(Records shown begins)

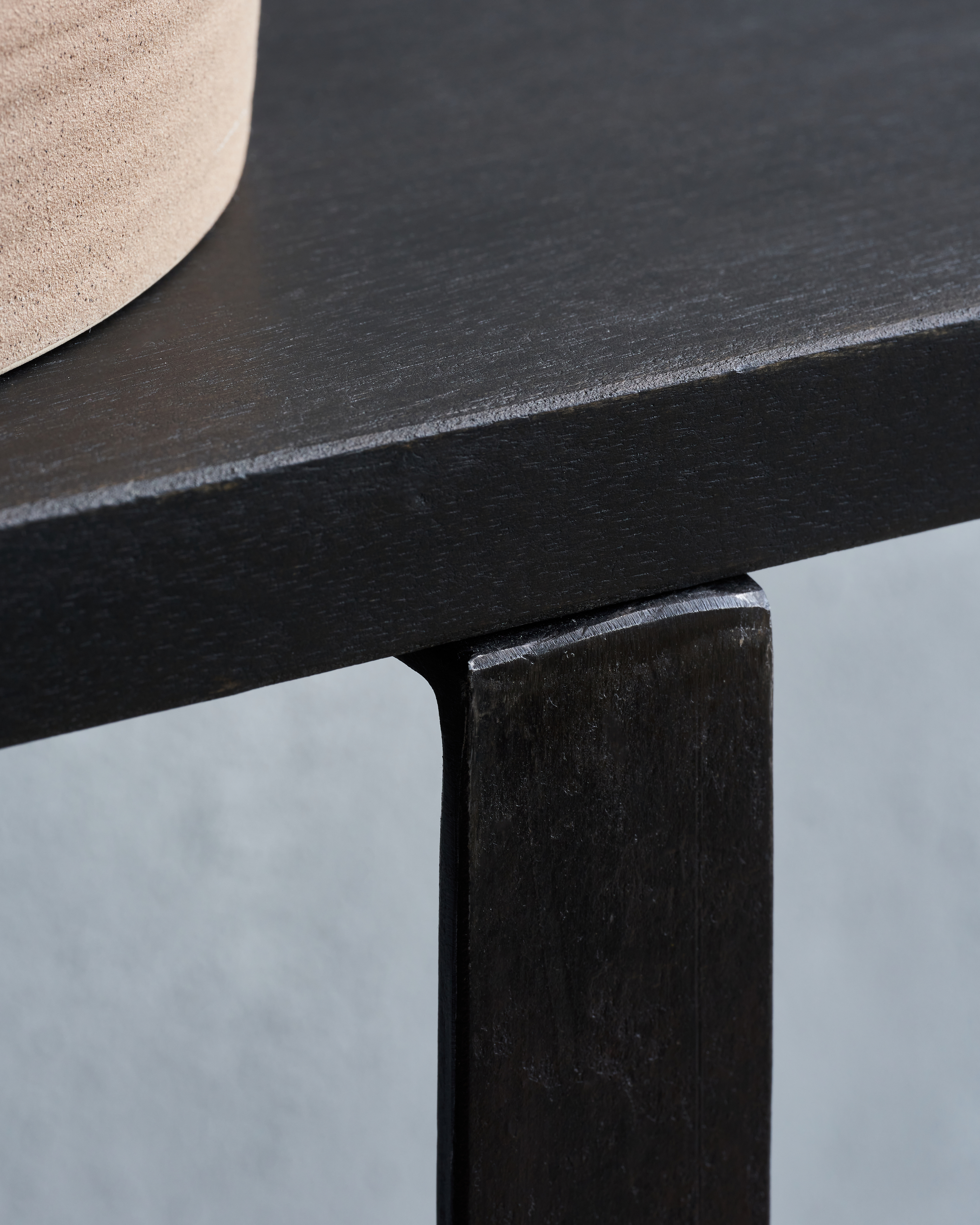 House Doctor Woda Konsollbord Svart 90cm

(Records shown ends)
(Records shown begins)

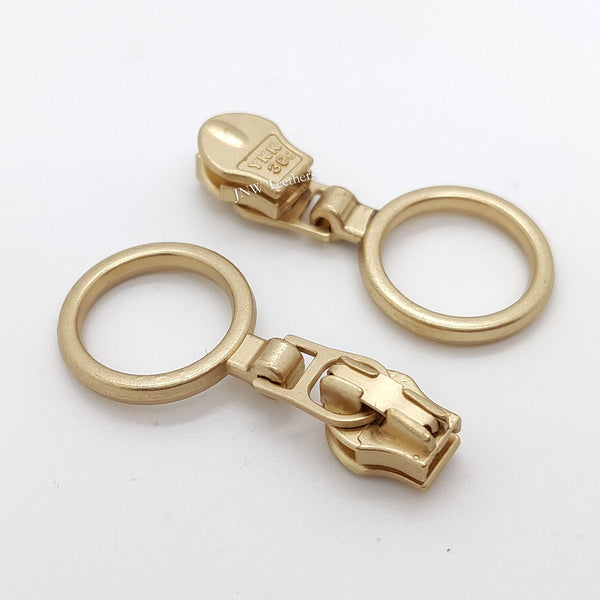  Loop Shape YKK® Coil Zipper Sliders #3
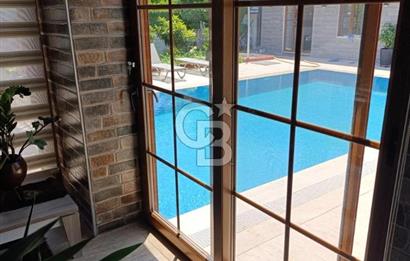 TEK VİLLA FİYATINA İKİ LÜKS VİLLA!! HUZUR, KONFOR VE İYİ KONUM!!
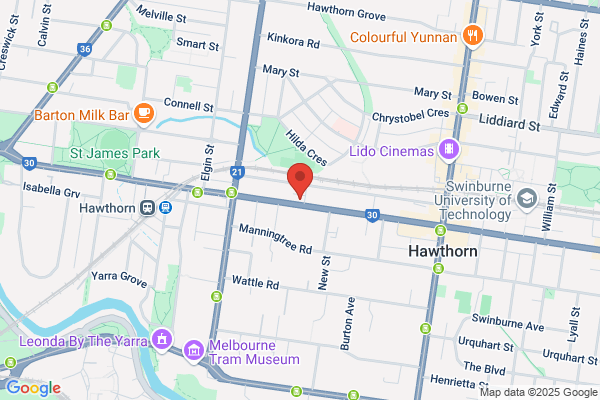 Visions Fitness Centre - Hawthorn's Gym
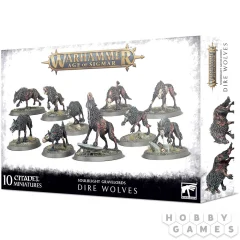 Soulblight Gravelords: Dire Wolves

(Records shown ends)

What you need to do >> From the line holding "TEK VİLLA FİYATINA" to the line holding "Soulblight Gravelords: Dire Wolves", both included, retype the entries above exactly and drop the pictures.

Task response >>
 TEK VİLLA FİYATINA İKİ LÜKS VİLLA!! HUZUR, KONFOR VE İYİ KONUM!!
 Visions Fitness Centre - Hawthorn's Gym
 Soulblight Gravelords: Dire Wolves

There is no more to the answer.